((Conference Room, Deck 1, USS Khitomer))
The conference room was crowded and the crescendo of completing emotions and voices both audible and emotional were growing stronger. Her disagreement with the Doctor had been postponed with a degree of apathy partially forged by both sides’ intransigence and partially by the constraints of time.
The Doctor had only allowed a respite from further treatment in the promise of Ayemet’s return to sickbay, and as she sat there nursing her arm where the hypospray had found its’ mark and trying to sort out the competing voices around her she considered that the Doctor might have had a point.
She looked at Connor not saying anything, merely glaring at him. It made no sense to do so. Nobody but their visitors knew the history of why they’d were here but what she had felt on the Bridge, Connor’s presence now made more sense. It wasn’t Connor she was feeling. It was the Kael person, apparently Connor’s child from the future. Not hers though. Not hers.
Hobart: How long until we reach Deep Space 33, Lieutenant Korras?
Korras: Response
Hobart: No lingering effects on the ship?

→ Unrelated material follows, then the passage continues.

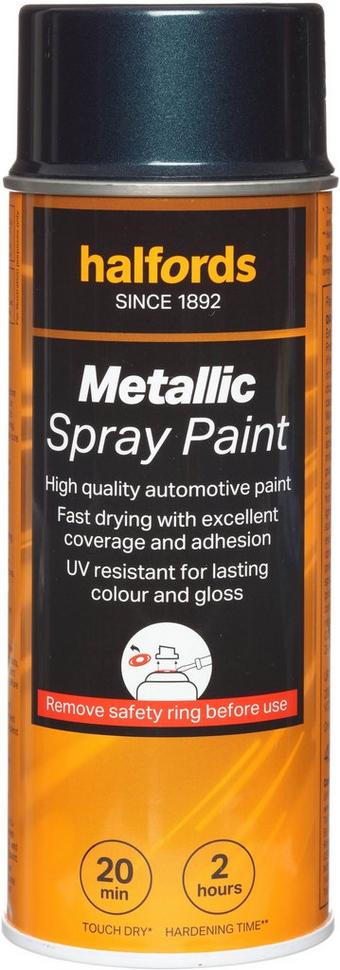 Halfords M7-120 Green Metallic Car Spray Paint - 400ml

Connor: Aside from the collective existential crisis? Nothing on sensors. The SDA’s prepared, Ensign Banks and I are going to operate it, if it becomes
She was about to report about her reaction to the Ouachita's reappearance but that would come soon enough. For the moment others were more concerned with any lingering effects from the Nebula.
Banks: Response
Michaels: Between the efforts of Science :: nodding toward both El'Heem and Semara :: and Engineering, the ship is ready.
Hobart: Any insight as to where the runabout came from, yet?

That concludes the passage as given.